Suara nyaring yang terdengar seperti teriakan memilukan mencuri perhatian Aster. Sesuatu yang besar dan bersayap dengan kuku tajamnya siap menerkam. Dengan spontan, Aster membelokkan arah motornya secepat mungkin untuk menghindari serangan. Sayangnya kuku-kuku itu lebih dulu menggores lengan Aster. Memberikan kenang-kenangan yang sangat menyakitkan.
Aster mengaduh, merasakan beberapa pisau merobek daging lengannya cukup dalam. Rasa sakit membuat air mata berkumpul di sudut matanya. Namun, saat itu rasa takutnya jauh lebih besar dibandingkan rasa sakit itu. Aster berusaha mencari tahu benda apa yang telah menyerangnya barusan.
Setelah menengokkan kepala beberapa kali ke sekitar, barulah dia bisa menangkap sosok asli dari benda tersebut. Seekor burung elang raksasa melayang di dekat sana. Sayapnya yang panjang dan lebar mengepak-ngepak di udara. Badannya sangat besar, Aster bisa saja dihabisi dalam sekali telan olehnya. Sejauh yang Aster ketahui dalam buku pelajaran, tidak pernah ada elang sebesar itu. Apalagi yang satu itu memiliki taring layaknya anjing laut dan jambul yang berdiri saat menjerit. Deretan gigi tajamnya terlihat saat burung itu mulai berteriak.
Aster terbelalak, sesaat badannya tidak bisa digerakkan karena takut. Rasa nyeri pada lengan yang mengalirkan darah pun tak dihiraukannya. Teriakan burung pemangsa itu makin membuat darah Aster mengalir deras, tidak hanya dari lukanya melainkan menuju ke kepala. Tangannya bergetar, seakan sudah tidak mampu menggerakkan stir motornya lagi.

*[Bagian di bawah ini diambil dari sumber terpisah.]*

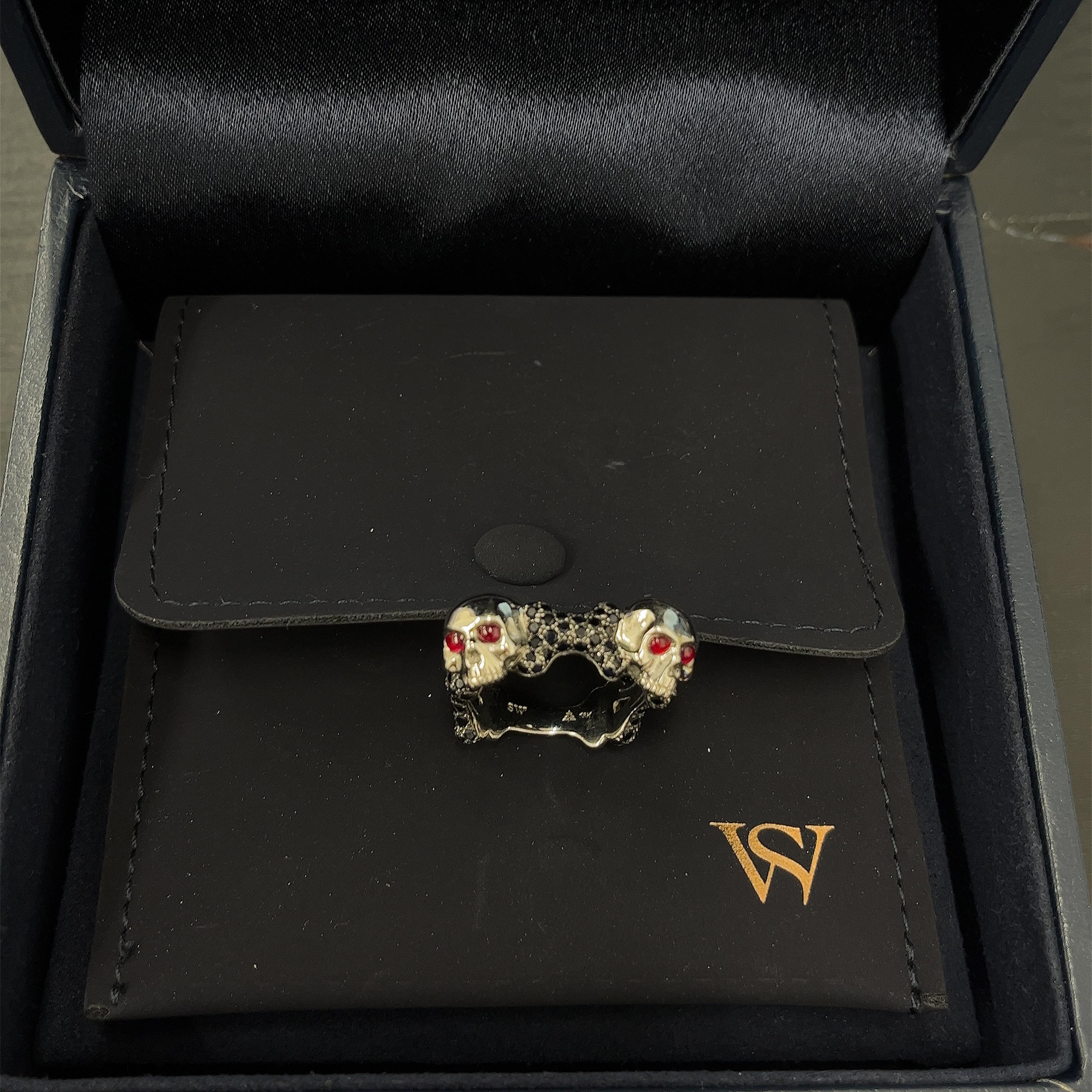 Ohrring mit Totenkopf und Knochen von Stephen Webster mit schwarzem Saphir und Rubin 2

Aku akan mati? Aku akan mati! pikirnya dalam hati dengan penuh keputusasaan.
Beberapa saat lagi, burung raksasa pemangsa itu siap meluncur menuju santapan malamnya. Aster meremas lukanya agar segera tersadar dari keputusasaan yang bisa membunuhnya kapan saja. Dia meringis kesakitan, namun kini tangan dan kakinya sudah dapat merespon dengan baik.
Sebelum monster itu kembali menyerang, Aster menginjak pedal gas sedalam mungkin dan memutarbalikkan arah motornya. Satu-satunya tempat yang terpikirkan hanyalah Oakland. Hanya di sanalah tempat aman yang Aster ketahui. Hanya saja, burung itu tak ingin kehilangan mangsanya. Dikepakkanlah sayap panjangnya untuk mulai menyusul Aster. Cakar tajamnya selalu siap untuk menyerang. Berkali-kali Aster membanting stir ke kiri atau ke kanan untuk menghindari serangan sang pemburu.
Perjalanan pulang yang sangat melelahkan dan penuh ketegangan itu terasa amat lama dan jauh. Aster hanya berharap dia tidak menuju ke arah yang salah. Bahkan tidak ada satupun penunjuk arah di sana. Dia hanya mengandalkan naluri semata. Sebuah harapan semakin kuat di saat Aster mulai bisa melihat bayangan menara dari kejauhan, yang sudah pasti berada di Oakland. Masih terlalu banyak hal yang belum diketahui membuatnya tak ingin berakhir dalam perut elang tersebut.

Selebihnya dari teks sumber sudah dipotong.